Hence, it can be stated that the DESO-FLC tackles the mismatched lumped disturbances and stabilizes the steel ball with the least amount of energy consumption.

6. Conclusions

The limitations of the conventional Extended State Observer (e.g. integral chain structure, matching disturbance, etc.) have been compensated by introducing the Dual ESO (DESO). The DESO is capable of estimating the mismatched lumped disturbance (external, internal, or combined) and its derivative simultaneously. We have assumed that the disturbance and its derivative are bounded which is quite obvious.
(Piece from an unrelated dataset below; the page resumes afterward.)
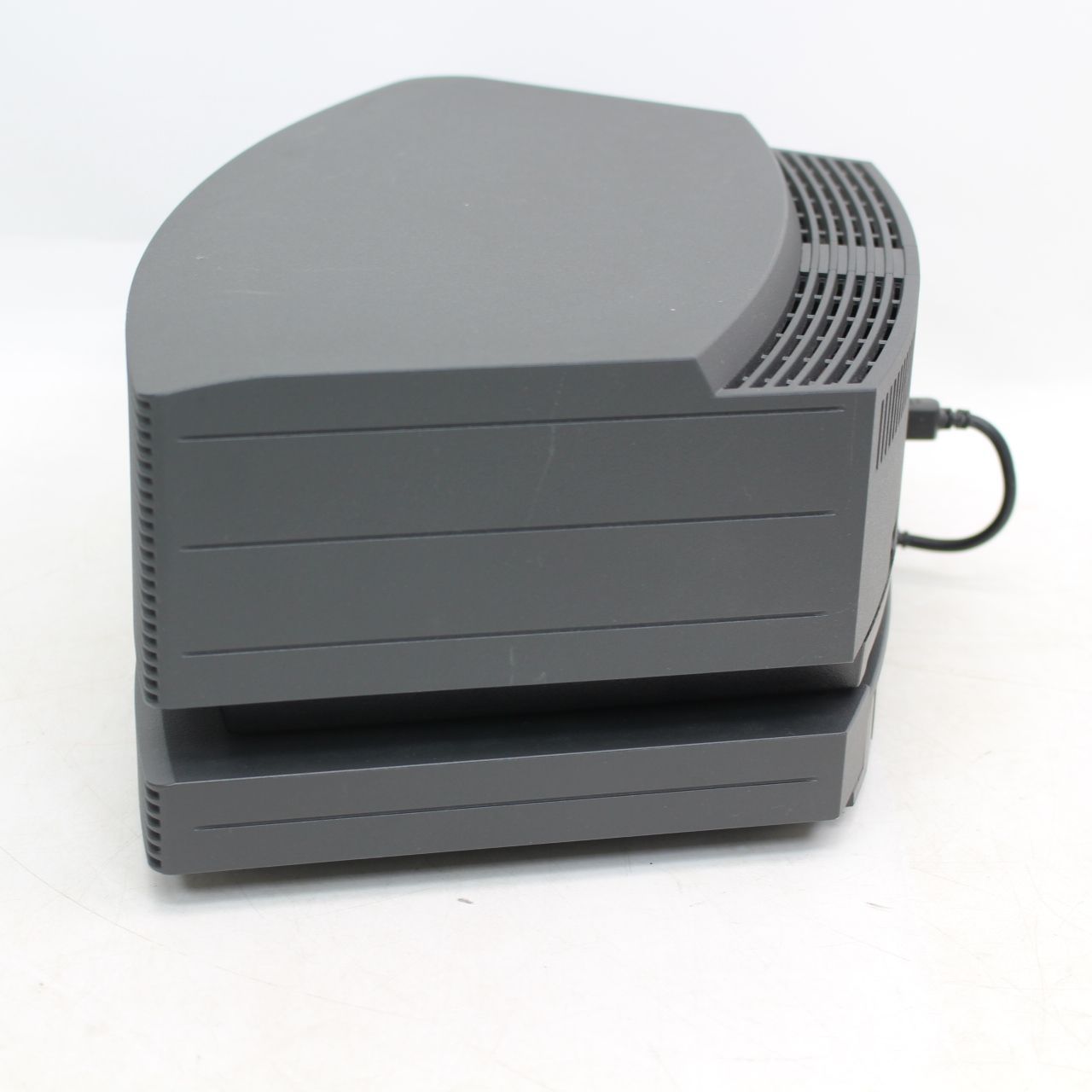 BOSE SoundTouch pedestal 412534 サウンドタッチ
Further, the disturbance rejection capabilities and the performance robustness of the traditional Feedback Linearizing Control approach have been strengthened by proposing the DESO Based FLC (DESO-FLC) approach. The efficacy of the proposed research has been verified via simulation for the Magnetic Levitation System which is a third-order nonlinear, unstable, and disturbed system. We have considered the external payload disturbance with various slow-varying signals (i.e. sinusoidal, saw-tooth, square) and the uncertain parameters ($\Delta$$K_m$, $\Delta$$M_b$) as the mismatched lumped disturbance for the MLS. It has been observed from the theory and the simulation that the proposed DESO-FLC approach is more robust than the LQR and conventional FLC approaches in rejecting the disturbances. Also, the proposed approach has consumed lesser electrical energy and shown the least integral errors (i.e., ISE, ITAE) compared to the rest.